A note about that. Close rounds traditionally get scored for the champ, not the challenger, because that’s where the eyes fall before each engagement. I’ve written about this a few times before, but even if you’re tired of reading it, methinks, I’m not yet tired of treating it:
A truly objective scorer should begin his eyes in the neutral space between the fighters and return his eyes to that space often as possible, too. From that neutral space he should track any punch that crosses the threshold and grade its effect thereafter.
Impossible, you say? Quite right. There are no truly objective scorers.
The fighter upon whose fists a scorer’s eyes most frequently fall has an appreciable scoring advantage, sort of like, and for much the same reason, the actor upon whom audiences’ eyes most frequently fall has a scoring advantage at the Oscars. In performance arts they call it presence, and in prizefighting it be the champion’s gree to lose. Except when marketing or gambling concerns make it otherwise.

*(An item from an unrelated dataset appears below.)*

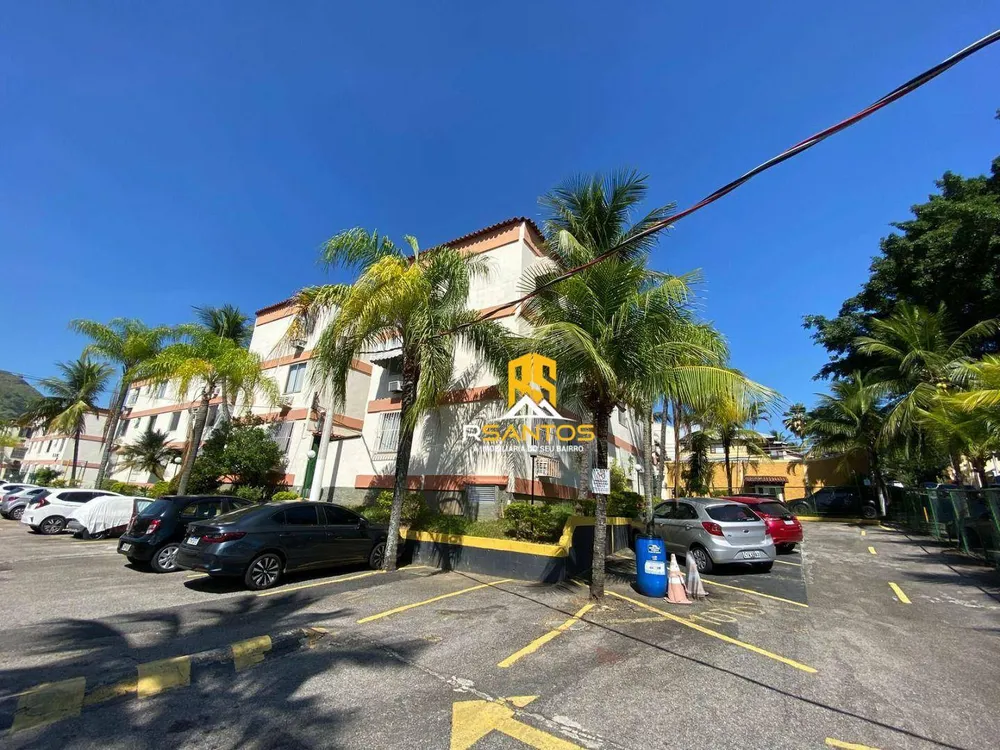 Apartamento, 2 quartos, 56 m² - Foto 9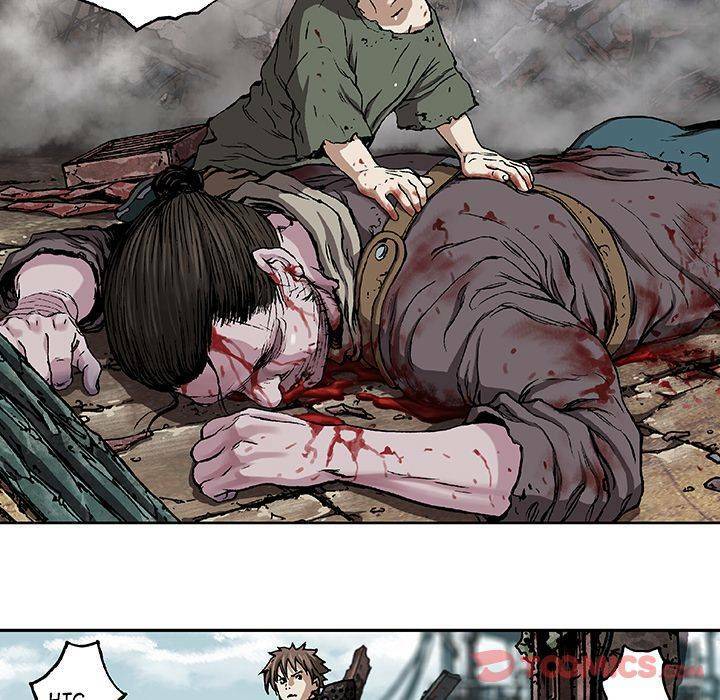 Đứa Con Thần Chết Chapter 67 - Next Chapter 68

Such was the case Thursday when the barely tested Akhmadaliev entered the ring with marketing and gambling concerns in his favor. Of those two, of course, the gambling concerns always be more honest, and the chalk had it that Akhmadaliev was probably something very special while Roman was already something a bit journeyman.
Instead, Akhmadaliev was a cross between Ukraine’s Vasyl Lomachenko and Armenia’s Vic Darchinyan, and not the right cross exactly. Were a man to mix successfully Lomachenko’s form and Darchinyan’s aggression he’d be a historic entity. Trouble is, Akhmadaliev more often mixes Darchinyan’s form – back elbow cocked for telegraphing – with Lomachenko’s aggression, ballrooming his way away.

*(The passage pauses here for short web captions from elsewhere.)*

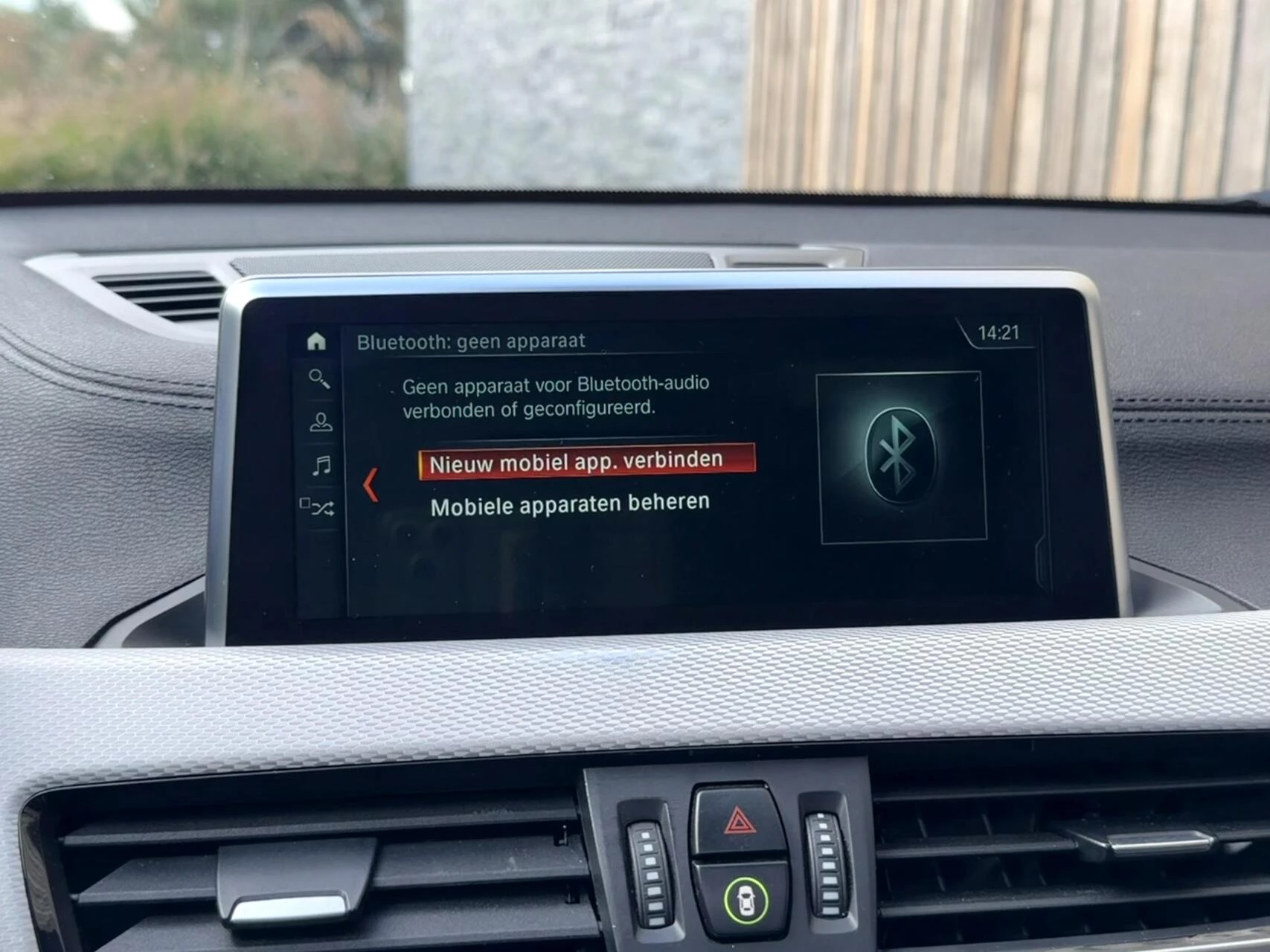 Hoofdafbeelding BMW X2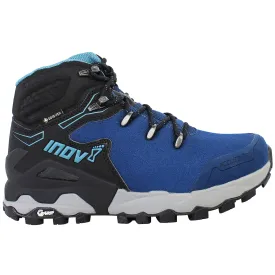 Inov-8 Roclite Pro G 400 GTX V2 Womens Blue Hiking Boots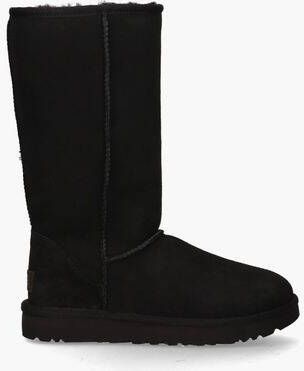 Ugg Classic Tall Zwart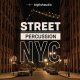 Street Percussion NYC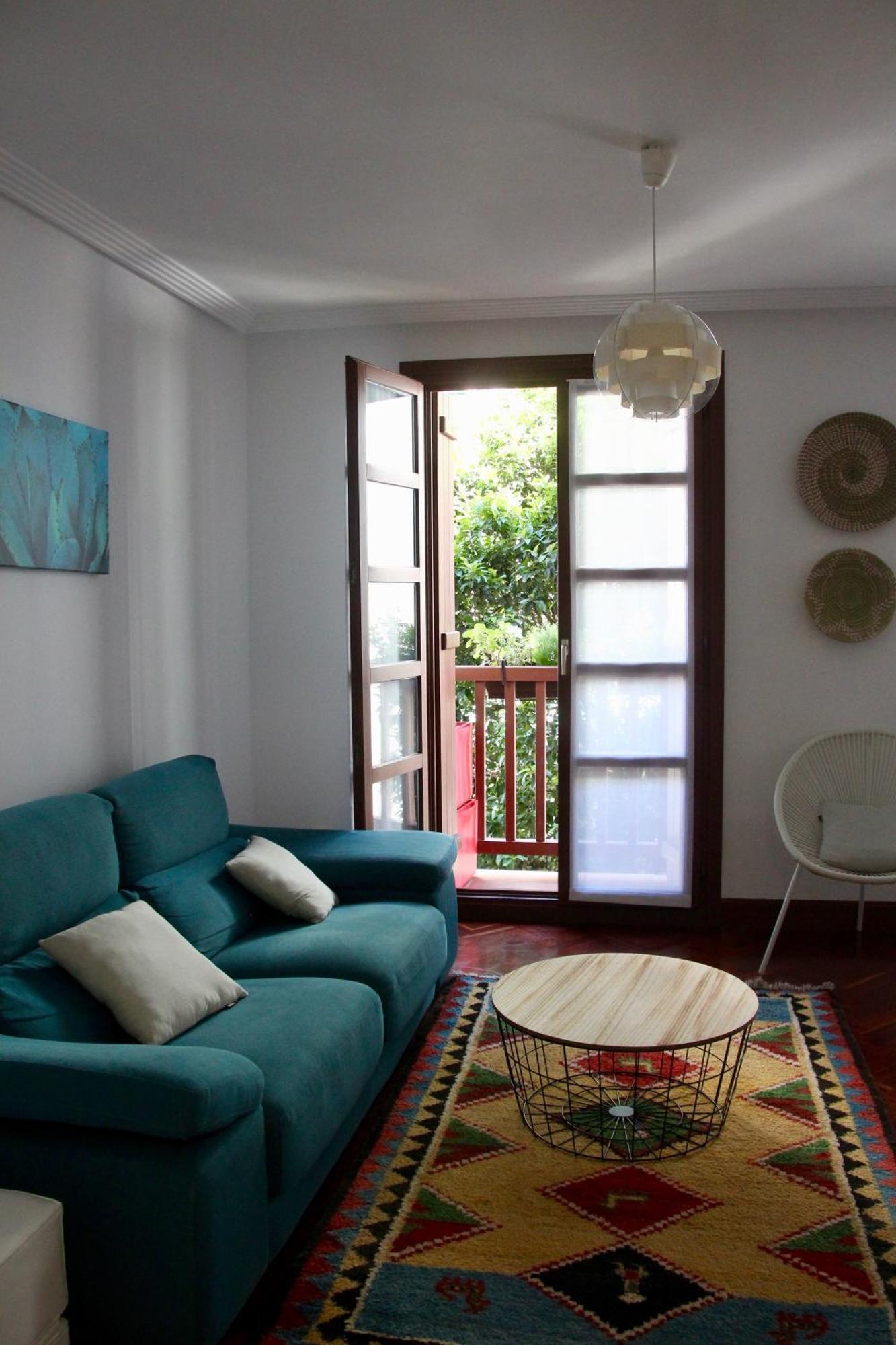 Amuitz - Casco Historico Fuenterrabia Apartment Bagian luar foto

There’s a whiff of autoheadline-reading there; Akhmadaliev believes he is more than he is by virtue of his historic career, and for reasons both financial and patriotic nobody round him has yet to say it isn’t so. Danny Roman kinda said it in round 12, though, didn’t he? Whilst Akhmadaliev tried Will-O’-the-Wisp-ing his way to winning a round without throwing a punch for its opening 5/6, Roman did the needful, as they say, walking forward and winning the closing round with classic boxing.
O, but look how much Akhmadaliev did in all the preceding rounds! Yes, do.

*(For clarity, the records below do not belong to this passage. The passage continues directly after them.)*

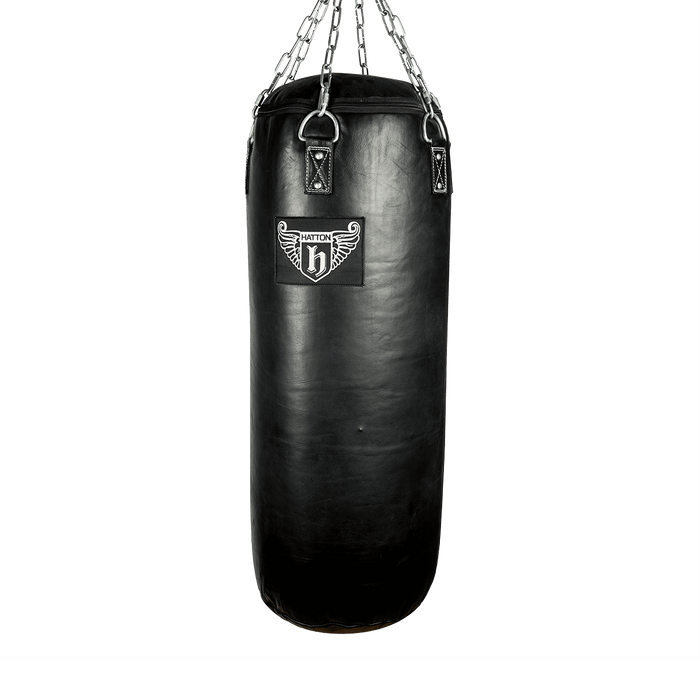 Hatton Heavy Bag 100 x 40 cm PU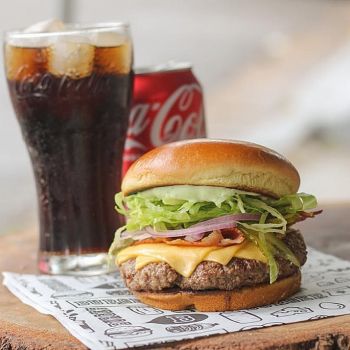 Foto Dom Quixote Hamburgueria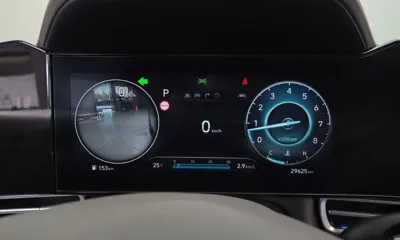 Hyundai Avante 2024, 29625 км, за 17395.3 USD - фото 8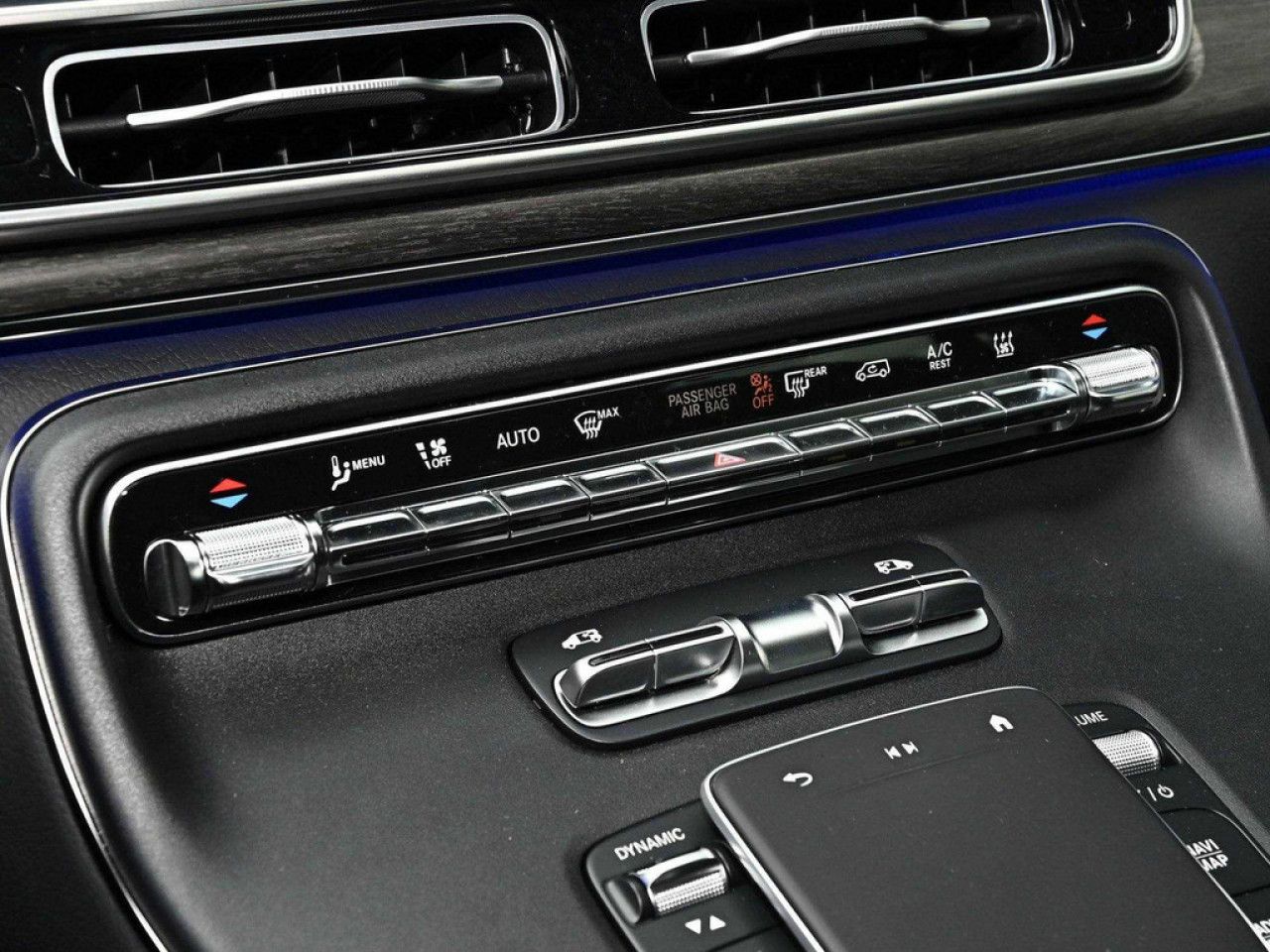 Mercedes-Benz V-Klasse – Bild 11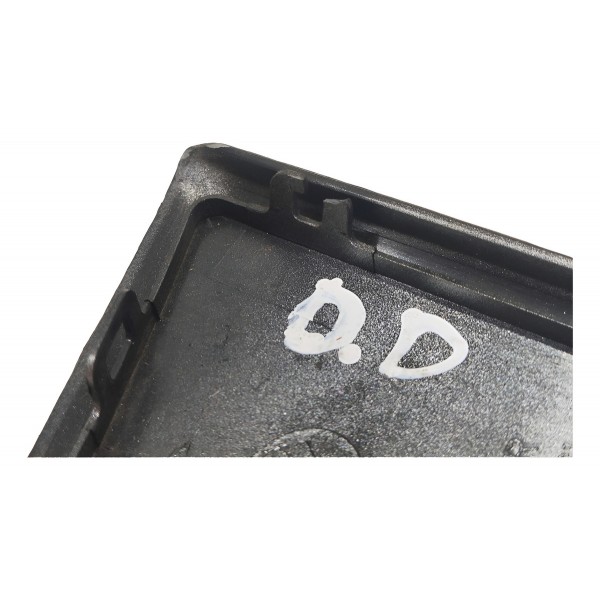 Moldura Maçaneta Interna Diant. Direita X60 2013/2016 Avaria Prateado Traseira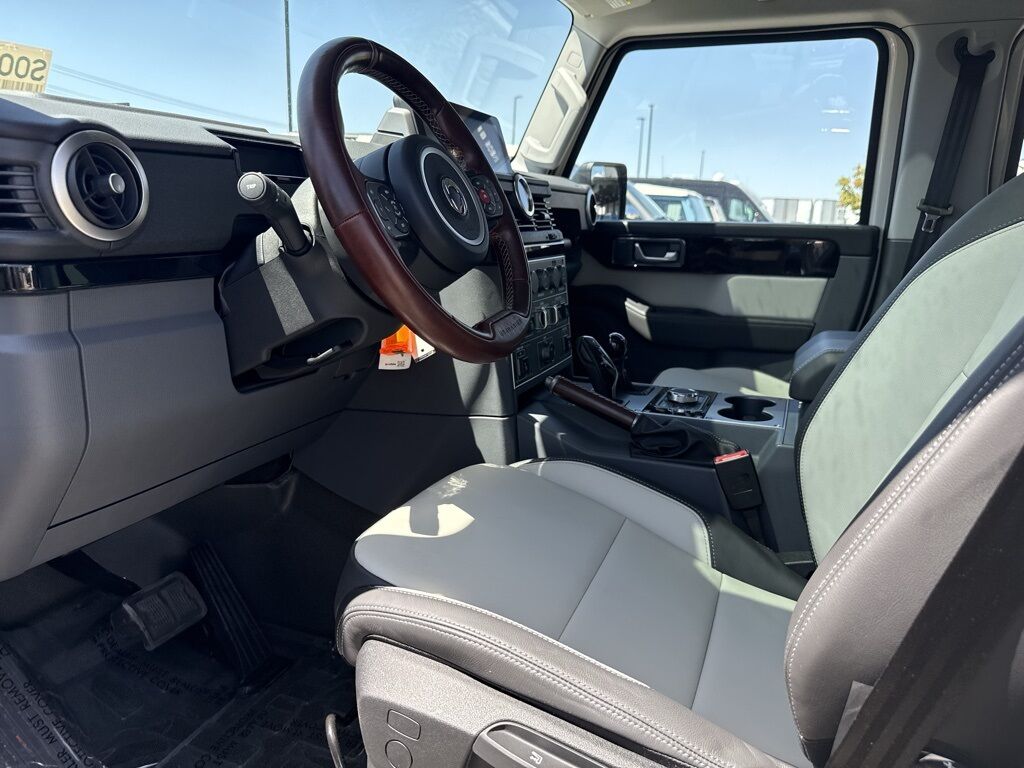2025 INEOS Grenadier Fieldmaster Edition West Valley UT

Thursday’s fight was a modernday Vazquez-Marquez, was it not? Larger money, lower stakes, poorer form, lighter punching, less conclusive ending. They aren’t making 122-pounders like Izzy and Rafa these days, even if they’re commentating like they are.
Still, as Super Bowl fightcards go, this wasn’t a bad one. Skipping the amateur boxing on the card, half the televised matches were good and competitive.
Twelve years ago I covered a Scottsdale, Ariz., card the week of Super Bowl XLII and the week before that a local promoter told me: “They always try to do Super Bowl week, and it never works.”
That wasn’t the best quote, though – that came from “El Machito” Hector Camacho Jr., on the card to supply a patronym fiftysomething East Coast lushes might recognize and pay some slight fraction of what $10,000 the card’s visiting promoter initially thought he might charge for ringside seats to a Monte Barrett mainevent in a converted carny tent called 944 Super Village at Stetson Canal.
“I’ve disrespected the sport of boxing so many times I’m surprised they let me put gloves on,” said El Machito (44-3-1) at the Friday weighin, by way of promoting his Saturday afternoon battle with Luis Lopez (13-11-1).
The reason Super Bowl week fightcards generally don’t work is because while the Super Bowl attracts men in shiny suits, they’re bespoke suits, generally, and boxing is decidedly off-the-rack. By the magic math of a visiting promoter there are at least 10,000 guys in town who could care less about $10,000, and if he can just find 20 of them he’s on his way, 50 of them and he’s the new Don King (who posted a Super Bowl XXX loss of his own 24 years ago in Phoenix on a card that included famed ticketseller B-Hop). Shiny suits and carnival barking.